Facts of the
Case
- The appeal was filed by the Revenue against the order dated 26
August 2020 passed by the Income Tax Appellate Tribunal (ITAT) for
Assessment Year 2012–13.
- The Assessing Officer (AO) had made an addition of ₹7,17,95,500
treating certain purchases as ‘unexplained expenditure’.
- The Commissioner of Income Tax (Appeals) [CIT(A)] deleted the
addition.
- The ITAT upheld the CIT(A)’s order.
- The Revenue challenged the same before the Delhi High Court.
Issues
Involved
- Whether the ITAT erred in deleting the addition made under Section
69C of the Income Tax Act, 1961 (unexplained expenditure).
- Whether purchases from alleged bogus entities could be treated as
unexplained expenditure despite evidence of receipt of goods and payment
through banking channels.
- Whether any substantial question of law arose for consideration by the High Court.
Petitioner’s
Arguments (Revenue)
- The ITAT wrongly upheld deletion of addition made by the AO.
- The purchases were shown from entities Ganesh Traders and Trade
Link India, which were allegedly bogus and non-existent.
- The addition was justified as unexplained expenditure due to non-genuine transactions and violation of accounting standards.
Respondent’s
Arguments (Assessee)
- The assessee demonstrated that:
- Goods had actually been received.
- Payments were made through proper banking channels.
- The transactions were genuine and duly recorded in books.

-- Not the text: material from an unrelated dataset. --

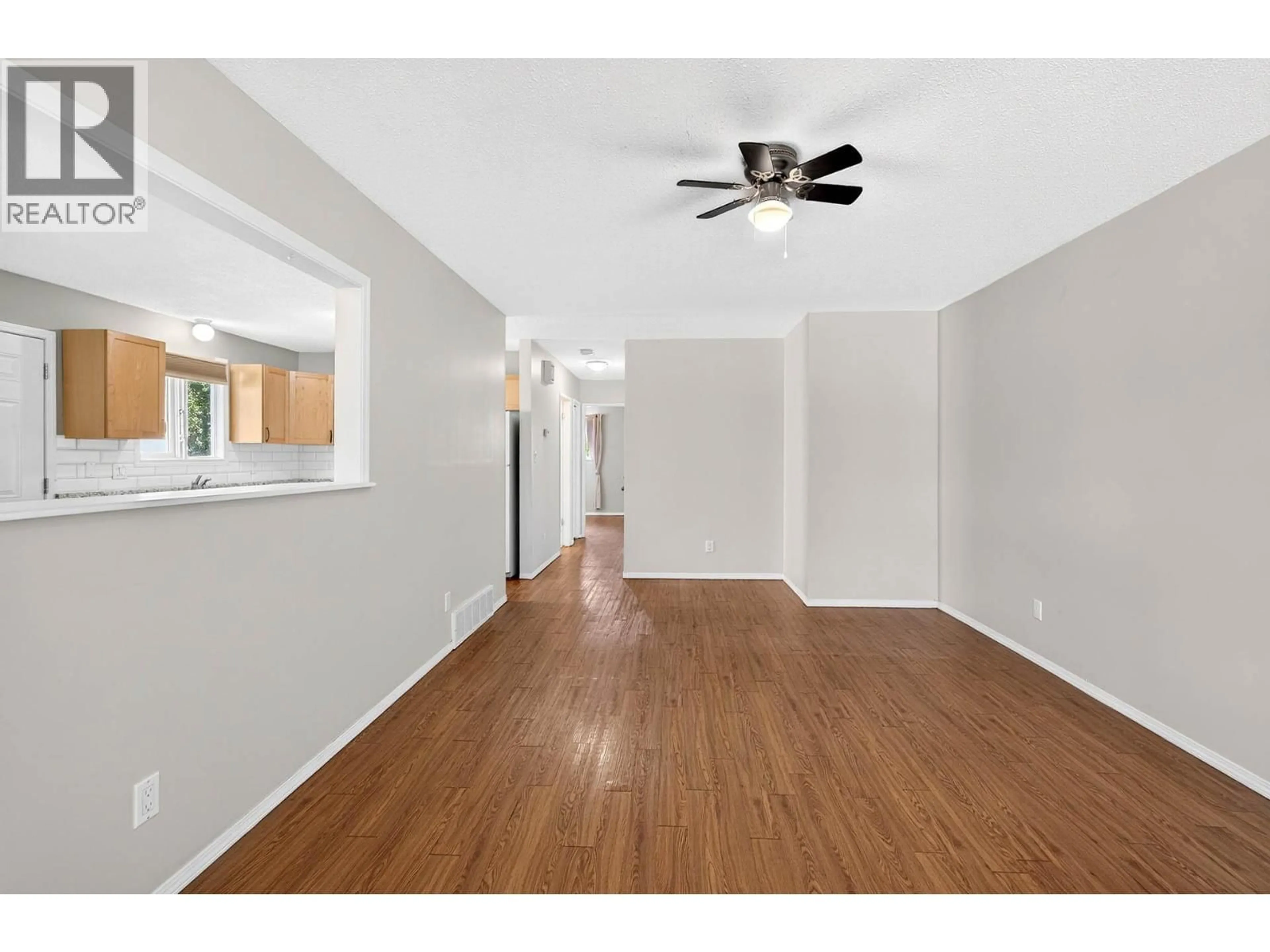 A pic of a room for 658 COURTENAY CRESCENT, Kamloops British Columbia V2B1Z6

- The findings of CIT(A) and ITAT were based on factual verification and should not be disturbed.
Court’s Findings
/ Order
- The Court noted that for a previous assessment year (AY 2011–12), a
similar issue had already been decided in favour of the assessee.
- Both CIT(A) and ITAT had given concurrent findings of fact
that:
- Goods were actually received.
- Payments were made through banking channels.
- The High Court held that:
- There was no perversity in the findings of lower
authorities.
- No substantial question of law arose.
- Result: The appeal filed by the Revenue was dismissed.
Important
Clarification
- Mere allegation that suppliers are bogus is not sufficient
to invoke Section 69C if:
- Actual receipt of goods is proved, and
- Payments are made through legitimate banking channels.
- High Courts will not interfere where concurrent factual findings exist unless perversity is demonstrated.
Sections
Involved
- Section 69C – Unexplained Expenditure (Income Tax Act, 1961)
- Principles relating to burden of proof in bogus purchase cases
- Appellate jurisdiction under Section 260A (substantial question of law)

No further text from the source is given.